Sunday, December 28, 2014

December 28th, 1914

- In Britain the primary decision-making body regarding the conduct of the war is the War Council, comprised of Prime Minister Asquith, relevant Cabinet ministers, and the service chiefs.  The secretary of the War Council is Colonel Maurice Hankey, whose position gives him more influence over British strategy than most generals.  Today he circulates to some of the members of the War Council a memorandum on the future conduct of the war he had begun to draft two days earlier, and this 'Boxing Day Memorandum' is notable on two accounts.  First, he wonders whether British strength is best concentrated on the Western Front, or whether they should look elsewhere, especially in terms of where British seapower can most usefully be employed.  One of the alternatives Hankey mentions is against the Ottoman Empire, either along the Syrian coast or, significantly, against the Dardanelles.  Second, Hankey has been in communication with Colonel Ernest Swinton, formerly an Assistant Secretary under Hankey and now the official war correspondent on the Western Front.  Swinton had learnt before the war of an American firm that produced farm tractors with caterpillar treads, and while at the front had come to wonder whether a vehicle so-equipped could have military applications.  Swinton passed the suggestion to Hankey, and Hankey has included it in his Boxing Day Memorandum, proposing the following machine:
Numbers of large heavy rollers, themselves bullet proof, propelled from behind by motor-engines, geared very low, the driving wheel fitted with a caterpillar driving gear to grip the ground, the driver's seat armoured and a Maxim gun fitted.  The object of this device would be to rol down the barbed wire by sheer weight, to give some cover to men creeping up behind and to support the advance with machine gun fire. 
This proposal contains the core elements of what will become the tank, and Hankey's circulation of this suggestion is one of the first steps in its development.

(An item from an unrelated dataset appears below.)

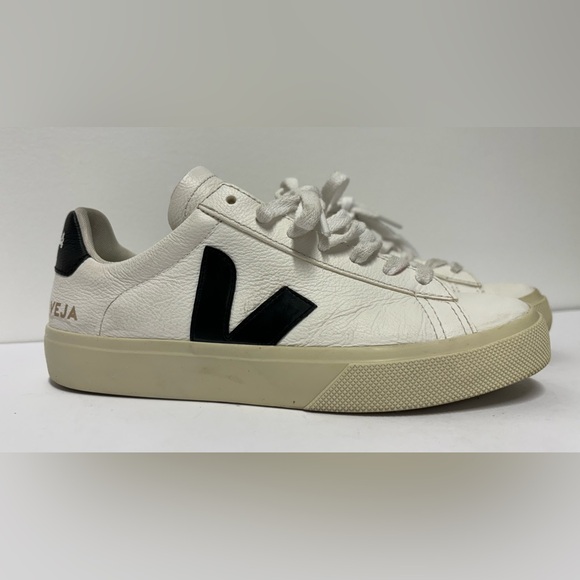 Veja Shoes - VEJA Campo White Black Tan Leather Lace Up Sneaker Women’s Size 6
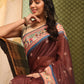 Hiral Fashion Brown Paithani Cotton Blend Floral Digital Printed Saree | Swadesiicart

- The German occupation of most of Belgium and northeastern France has meant that a significant amount of industrial resources, including everything from coal mines to locomotives to river barges, is now under German control.  The exploitation of these resources, however, has been problematic.  As a KRA report of today notes, nobody knows who actually owns these resources, which makes coordinating their exploitation next to impossible.  Private businesses in Germany proper want to secure a share of the booty for themselves, while alternatively not wanting utilization of these resources by KRA and other state agencies to, for example, drive down the price of coal in Germany.  The exploitation of the occupied territories is far from a straightforward proposition, a theme that will recur in other lands conquered by Germany and ensure that it never receives the full economic benefit from its conquests.

- In German Kamerun the French column that occupied Baturi on December 9th has advanced westward to Bertua, but over the past few days has been halted in a series of engagements with German forces.